И в «Рагнарёке» – где Один Вседержитель превращается попросту в странствующего в мире земном Вопрошателя и неизбежно гибнет вместе со всем своим творением в последней битве на исходе страшной последней зимы – и в этой поэме я – безотчётно – уже приблизился к тому, чтобы задать подобный вопрос.

Ещё один большой вопрос – какого рода истину можно выразить в «повести о чудесах», как Вы справедливо её называете, – но я и так уж бессовестно злоупотребляю Вашим терпением, и оно, должно быть, уже на исходе: боюсь, Ваше острое и наблюдательное внимание уже и не поспевает за моей мыслью.

Я ещё не ответил на Ваше суждение об эпической Вашей поэме. Что ж, если Вам по-прежнему небезразлично моё мнение… Хотя с какой стати? Вы поэт, и ценность для Вас должно иметь лишь собственное мнение. И всё же если и моё мнение Вам небезразлично, то – почему непременно эпическая поэма? Отчего не драматическая, на сюжет из мифологии, в двенадцати книгах? Не вижу причин, почему такие поэмы должны сочинять исключительно мужчины, а не женщины, – было бы желание.

Я выразился резко? Это с досады: Вы – с Вашими дарованиями – находите нужным оправдывать свой замысел!..

Я прекрасно вижу, что оправдываться следует мне – за тон этого письма, которое я и перечитывать не стану: всё равно поправлять его я не в силах. Пусть этот черновик предстанет перед Вами со всеми погрешностями, «не причащен и миром не помазан»[75], – а я – со смирением и надеждой – стану ждать, сочтёте ли вы его достойным ответа…

Ваш

Р. Г. Падуб.

Уважаемый мистер Падуб,

извините меня за молчание – которое так затянулось. Я раздумывала не над тем, отвечать ли, но что отвечать, раз уж Вы удостоили меня чести – чуть было не написала «нелёгкой чести» – да полно, нелёгкой ли? – выслушать Ваше искреннее мнение. Я не кисейная барышня из нравоучительного романа, чтобы деликатным манером ударяться в благородное негодование, едва кто-нибудь признается в своих сомнениях; я даже отчасти согласна с Вами: сомнения, сомнения – в этом мире, в наш век никуда от них не уйти. Не стану оспаривать Вашего ви́дения наших исторических обстоятельств; да, мы удалены от Истока Света, и мы знаем такое, что мешает нам исполниться простою верою, и мешает ею проникнуться, и мешает ею воспылать.

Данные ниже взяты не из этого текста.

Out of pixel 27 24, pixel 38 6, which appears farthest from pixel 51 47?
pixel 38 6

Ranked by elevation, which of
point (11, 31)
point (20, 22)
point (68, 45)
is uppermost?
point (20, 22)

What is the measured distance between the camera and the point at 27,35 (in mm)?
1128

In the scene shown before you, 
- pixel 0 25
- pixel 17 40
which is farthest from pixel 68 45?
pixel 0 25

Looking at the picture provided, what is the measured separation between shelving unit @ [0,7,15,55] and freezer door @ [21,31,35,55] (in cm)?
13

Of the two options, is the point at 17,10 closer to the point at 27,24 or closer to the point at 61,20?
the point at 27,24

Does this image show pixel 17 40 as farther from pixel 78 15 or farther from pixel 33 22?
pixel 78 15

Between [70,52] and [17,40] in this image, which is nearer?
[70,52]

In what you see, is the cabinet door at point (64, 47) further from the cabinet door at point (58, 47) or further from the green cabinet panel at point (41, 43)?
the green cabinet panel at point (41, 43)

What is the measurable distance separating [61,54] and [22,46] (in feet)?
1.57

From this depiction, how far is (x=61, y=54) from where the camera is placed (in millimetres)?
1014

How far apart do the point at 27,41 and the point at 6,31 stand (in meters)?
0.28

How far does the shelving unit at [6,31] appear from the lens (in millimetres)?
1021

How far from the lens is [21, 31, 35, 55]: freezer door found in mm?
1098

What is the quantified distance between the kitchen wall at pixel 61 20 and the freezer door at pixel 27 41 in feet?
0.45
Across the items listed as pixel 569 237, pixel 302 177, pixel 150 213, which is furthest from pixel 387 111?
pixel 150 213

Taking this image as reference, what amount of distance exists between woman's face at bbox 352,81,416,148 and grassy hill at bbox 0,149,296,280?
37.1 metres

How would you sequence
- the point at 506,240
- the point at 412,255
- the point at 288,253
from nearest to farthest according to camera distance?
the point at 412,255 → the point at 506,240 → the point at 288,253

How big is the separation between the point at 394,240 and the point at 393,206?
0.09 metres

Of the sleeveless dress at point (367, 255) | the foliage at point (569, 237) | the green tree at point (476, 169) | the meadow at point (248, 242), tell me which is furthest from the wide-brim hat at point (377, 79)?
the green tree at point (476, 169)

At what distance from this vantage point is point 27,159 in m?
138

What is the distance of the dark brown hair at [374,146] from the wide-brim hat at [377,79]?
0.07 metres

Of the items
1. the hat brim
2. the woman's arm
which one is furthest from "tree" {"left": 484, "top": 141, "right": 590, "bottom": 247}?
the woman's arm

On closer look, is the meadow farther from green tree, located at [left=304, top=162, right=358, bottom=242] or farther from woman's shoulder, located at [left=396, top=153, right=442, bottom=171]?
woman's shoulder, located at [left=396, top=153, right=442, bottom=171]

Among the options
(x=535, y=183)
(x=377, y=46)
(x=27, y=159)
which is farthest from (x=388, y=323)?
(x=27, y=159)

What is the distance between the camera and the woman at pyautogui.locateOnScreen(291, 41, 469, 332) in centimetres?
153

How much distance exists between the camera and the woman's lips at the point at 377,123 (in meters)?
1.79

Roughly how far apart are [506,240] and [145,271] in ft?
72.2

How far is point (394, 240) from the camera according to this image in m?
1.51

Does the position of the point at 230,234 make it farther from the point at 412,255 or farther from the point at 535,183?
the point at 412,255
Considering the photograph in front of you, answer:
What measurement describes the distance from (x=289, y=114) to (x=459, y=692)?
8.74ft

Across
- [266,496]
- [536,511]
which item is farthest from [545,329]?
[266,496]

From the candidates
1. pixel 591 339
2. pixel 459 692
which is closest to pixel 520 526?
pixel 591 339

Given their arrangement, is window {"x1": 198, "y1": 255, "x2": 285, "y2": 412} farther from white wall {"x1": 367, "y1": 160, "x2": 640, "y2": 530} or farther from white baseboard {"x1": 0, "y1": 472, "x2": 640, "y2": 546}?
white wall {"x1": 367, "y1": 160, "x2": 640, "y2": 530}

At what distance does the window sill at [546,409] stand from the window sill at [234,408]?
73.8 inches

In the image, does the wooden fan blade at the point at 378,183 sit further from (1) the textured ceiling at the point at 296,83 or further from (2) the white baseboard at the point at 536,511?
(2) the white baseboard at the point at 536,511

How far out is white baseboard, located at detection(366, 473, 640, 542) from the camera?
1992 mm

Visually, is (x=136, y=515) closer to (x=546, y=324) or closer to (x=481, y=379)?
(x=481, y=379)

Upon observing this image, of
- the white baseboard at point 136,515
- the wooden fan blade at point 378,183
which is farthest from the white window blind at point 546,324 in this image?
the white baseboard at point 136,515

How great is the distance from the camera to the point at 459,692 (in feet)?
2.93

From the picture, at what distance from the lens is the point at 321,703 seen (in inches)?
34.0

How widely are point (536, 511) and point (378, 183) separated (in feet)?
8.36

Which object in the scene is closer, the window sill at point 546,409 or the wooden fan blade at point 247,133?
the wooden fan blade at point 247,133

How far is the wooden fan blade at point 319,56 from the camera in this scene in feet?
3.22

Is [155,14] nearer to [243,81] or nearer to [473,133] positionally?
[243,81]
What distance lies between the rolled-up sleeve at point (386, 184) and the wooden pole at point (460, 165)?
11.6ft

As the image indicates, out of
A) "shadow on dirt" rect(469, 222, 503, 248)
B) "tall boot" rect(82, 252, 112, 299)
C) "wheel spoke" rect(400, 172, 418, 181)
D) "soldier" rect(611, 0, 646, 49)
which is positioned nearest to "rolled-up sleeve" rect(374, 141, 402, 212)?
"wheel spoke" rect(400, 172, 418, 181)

Вы много пишете о Том – о Создателе, – нигде не называя его Отцом, – кроме как в истории о скандинавских богах, которую Вы ставите в параллель евангельской. О подлинной же истории Сына пишете Вы на удивление мало – а ведь это она в основании нашей веры: жизнь и смерть вочеловечившегося Бога, истинного нашего Друга и Спасителя, Кому подражаем мы, на Кого уповаем, видя в Его Воскресении из мертвых надежду на будущую жизнь, без чего превратности и явные беззакония в жизни земной делали бы её нестерпимой насмешкой. Но я заговорила как… как проповедник: должность, к которой мы, женщины, объявлены непригодными; притом в моих словах, верно, нет ничего такого, о чём Вы – с Вашей мудростью – не передумали тысячу раз.

И всё же – будь это так, откуда бы взялось у нас представление об этом Высочайшем Образце, об этой Благороднейшей Жертве?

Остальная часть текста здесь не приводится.